### [EXERCISE INSTRUCTIONS]
To complete this task, print all the data below exactly but leave out the images.

### [SOURCE DATA]
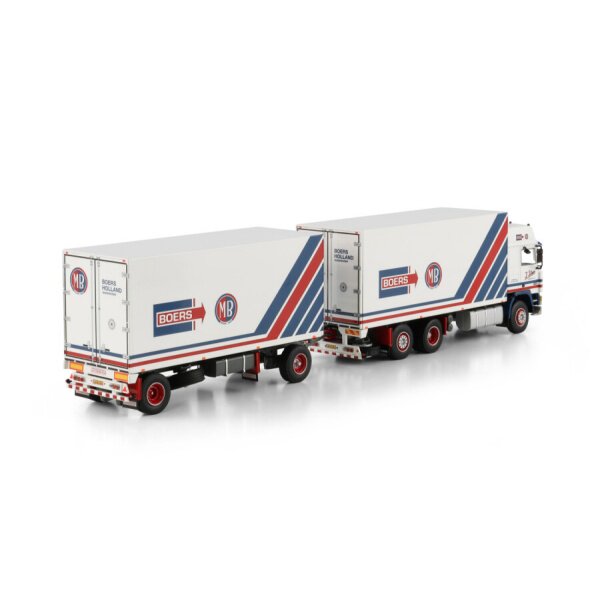 1:50 VOLVO J. STAM F12 6X2 REEFER TRUCK DRAWBAR TRAILER 5 AXLE WSI Diecast Model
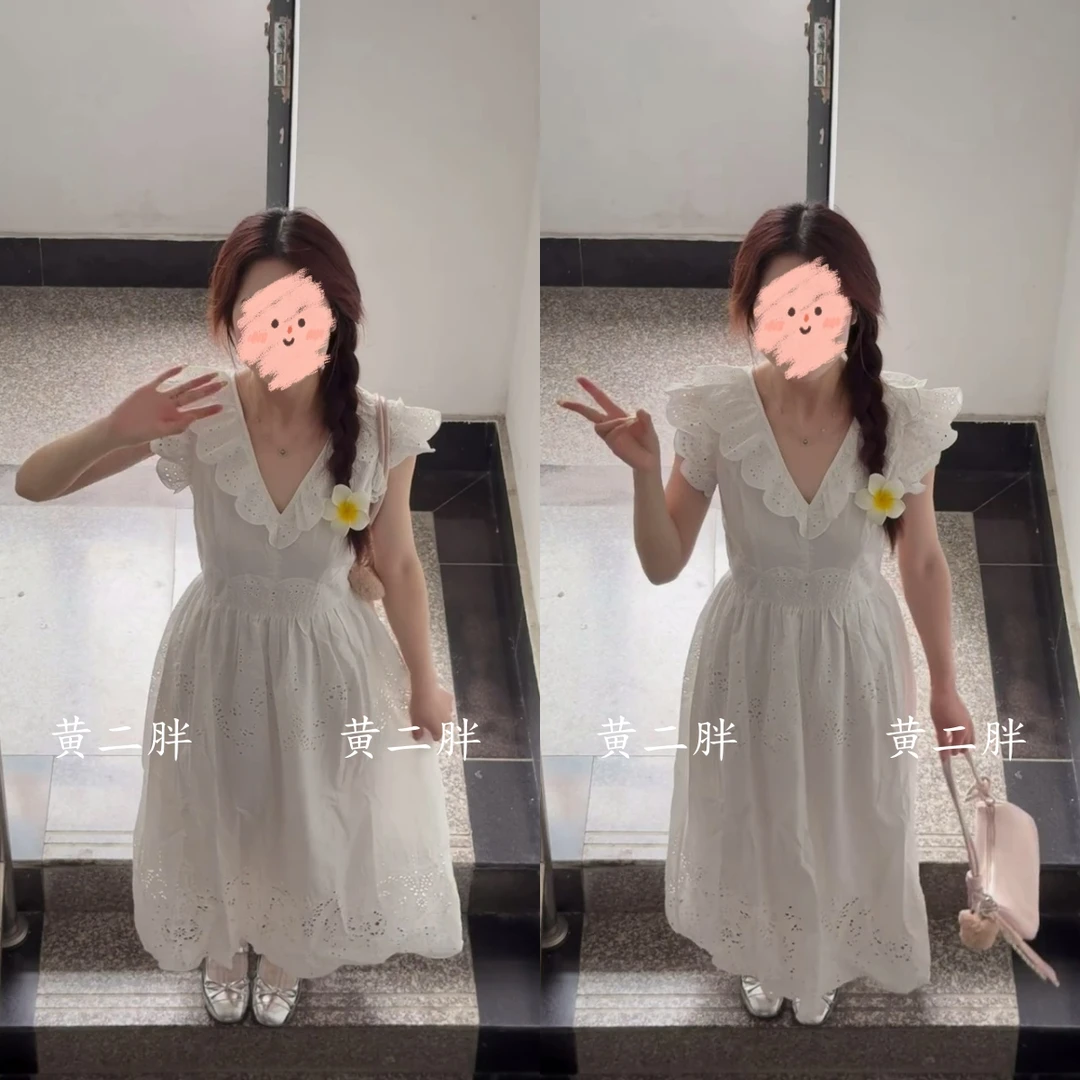 法式吊带连衣裙女夏季飞飞袖中长款收腰小众显瘦初恋系温柔长裙子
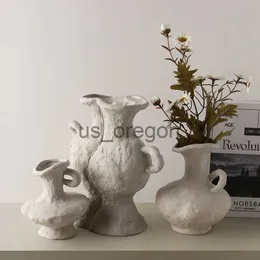 Vasi Vasi in ceramica bianca Idroponica Stile scandinavo Vaso da fiori semplice Accessori per la tavola Bagno Estetica Decorazioni per la camera Decorazione x0630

### [ANSWER SPACE]
 1:50 VOLVO J. STAM F12 6X2 REEFER TRUCK DRAWBAR TRAILER 5 AXLE WSI Diecast Model
 法式吊带连衣裙女夏季飞飞袖中长款收腰小众显瘦初恋系温柔长裙子
 Vasi Vasi in ceramica bianca Idroponica Stile scandinavo Vaso da fiori semplice Accessori per la tavola Bagno Estetica Decorazioni per la camera Decorazione x0630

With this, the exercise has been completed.